I doubt very much that anyone would accept a proposal of, "Will you give me legal right and physical power over you so that I can play power trips, demean or even enslave you, isolate you from your friends and family, and threaten your very survival?" I think in these situations the words said are somewhat different from the scenes that play out afterward.

Getting into an abusive relationship is more like walking along, minding your own business when wham! You're hanging upside-down by your foot from a tree, Gilligan's Island style. Or going to the Fun House because all your friends are going and you think it will be fun. But, once you are inside, everything becomes confusing, you can't see where your friends are, none of the doors works, the mirrors distort everything, scary things jump out at you, and you become gradually and correctly alarmed that you may not make it out of there alive.

An abuser turns up the heat gradually, like the story of the frogs in the pot who don't know they're getting cooked until it's too late.

Abusers start out seeming nice. Maybe they are even charming, or hurt, or helpless, or needy. No one shows their monster face right off the bat. One small thing that's somewhat disturbing happens. It often gets explained away, maybe in a manner that makes the partner doubt herself. Soon, the abuser's partner is following a trail of bread crumbs that leads him or her farther into the woods, away from what's normal. The ensuing isolation increases the abuser's control and leaves the victim with fewer resources for help. She may not be able to see that she is being slowly moved from the palace into the tower.

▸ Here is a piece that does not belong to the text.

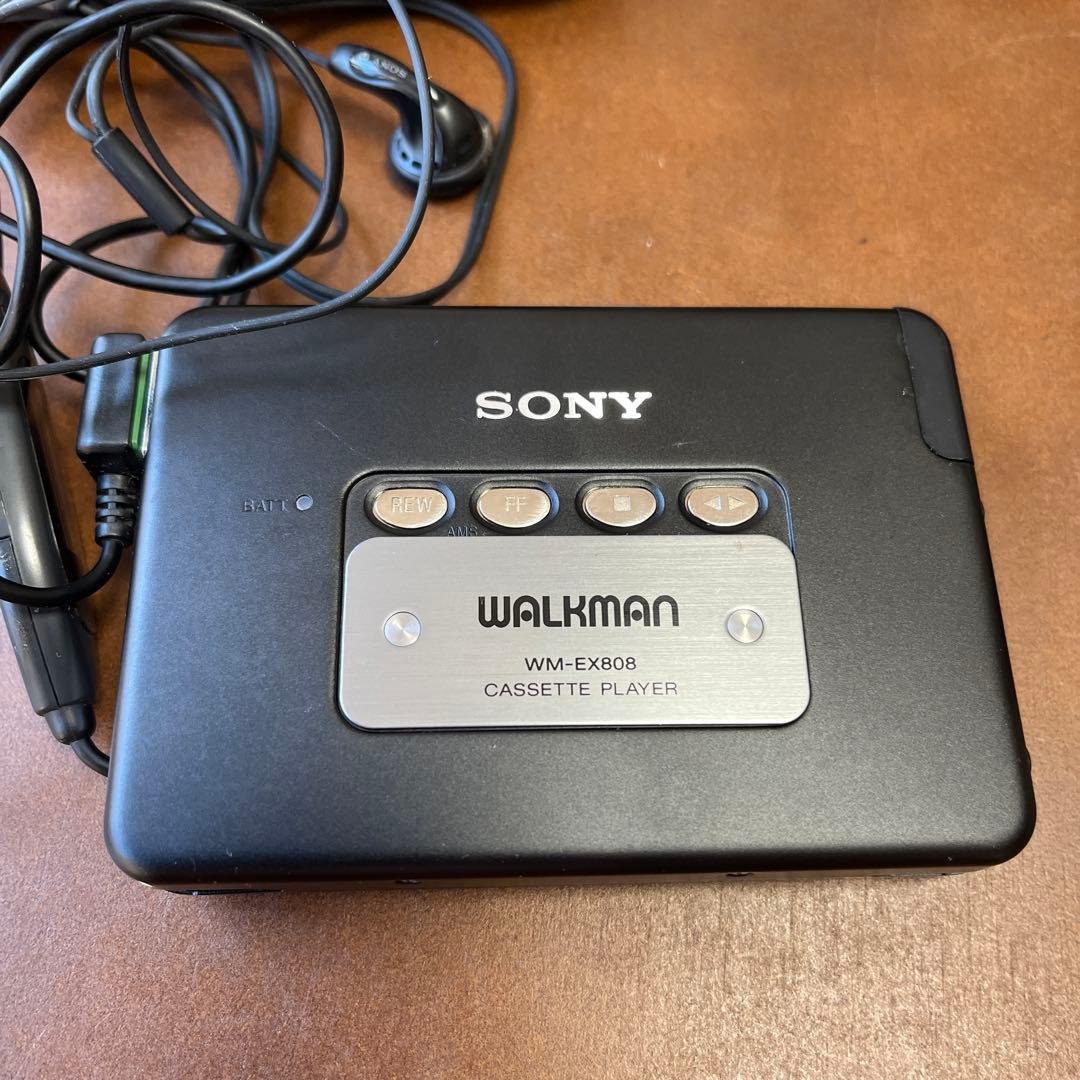 SONY WM-EX808 カセットウォークマン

A clever abuser uses what is important to the partner against him or her. The stakes are high. The costs are even higher.

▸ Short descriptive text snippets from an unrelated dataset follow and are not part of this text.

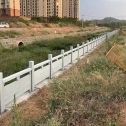 池州 白麻河道栏杆效果展示图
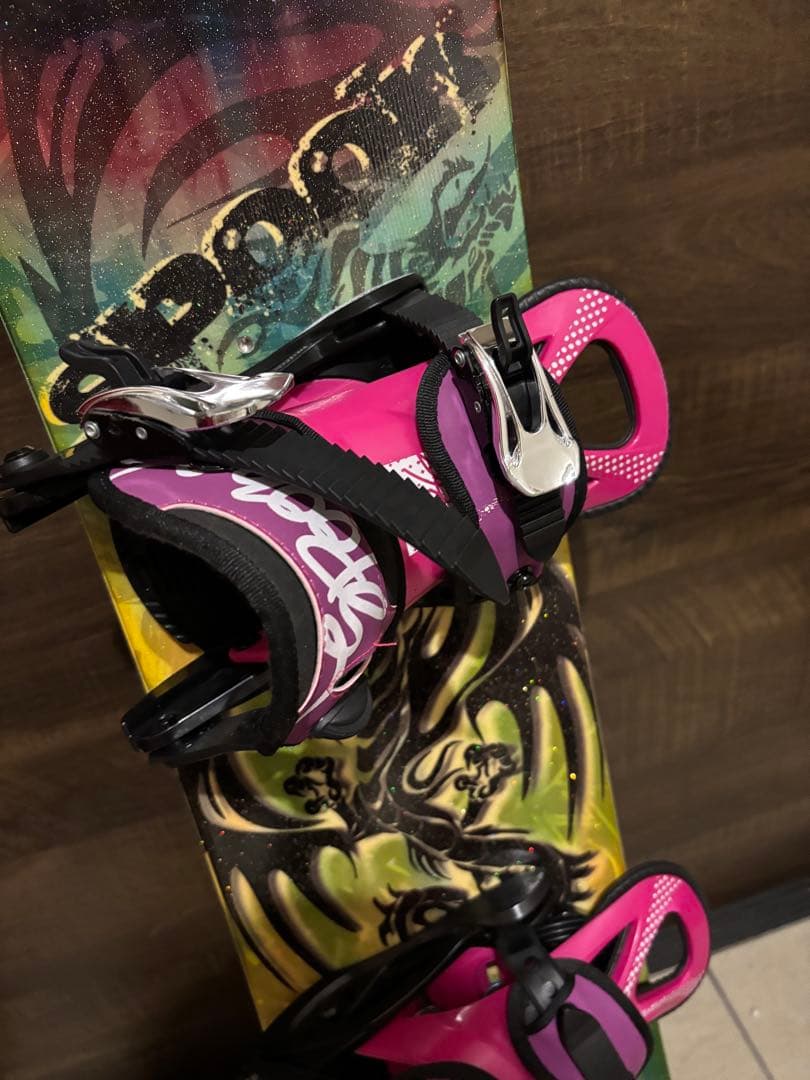 spoon キッズスノーボード　子ども用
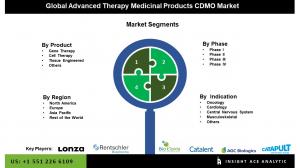 Global Advanced Therapy Medicinal Products CDMO Market segment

No one wants to believe they have married a monster. No one wants to believe the one they love and trust would hurt them, and mean it. If the victim, who has the most evidence of what's going on, can hardly believe what's happening, it's no wonder that it's hard for others outside of the situation to believe it.

Almost every domestic violence story reported includes reactions of loved ones caught in the headlights as well. "They were a nice couple." "I never would have guessed something like this could happen." "The guy I know isn't capable of this." "They had ups and downs just like everyone else."

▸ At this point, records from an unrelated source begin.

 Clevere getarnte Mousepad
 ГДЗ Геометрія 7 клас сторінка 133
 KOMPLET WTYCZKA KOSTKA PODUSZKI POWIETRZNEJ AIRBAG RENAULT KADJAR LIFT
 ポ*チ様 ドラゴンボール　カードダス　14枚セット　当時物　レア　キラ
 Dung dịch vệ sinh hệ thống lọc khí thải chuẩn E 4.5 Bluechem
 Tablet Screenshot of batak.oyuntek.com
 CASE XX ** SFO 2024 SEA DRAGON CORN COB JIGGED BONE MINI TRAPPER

But it happens all the time. Every week, there is some kind of domestic violence story in the local newspaper.

These days, there aren't a lot of heroes on white horses going around slaying the dragons.

Many brave victims have escaped and metamorphosed into survivors. Many victims have tried to "work it out" until the horrifying moment when they realize they ran out of time to solve the problem. Many have come to the realization they needed to escape but have not had a way to. Or started but did not get to finish. Some have turned to friends or family members with their desperate pieces of information. Some have written clues in notebooks, or on their own flesh.

These chinks in the storybook facade of their lives can sound strange, even unbelievable. So unlike what we want to believe is happening. Some damsels in distress have been scoffed at, turned away, called drama queens. The trick is remembering that these true stories are very unlike what the victim wants to be reality, too.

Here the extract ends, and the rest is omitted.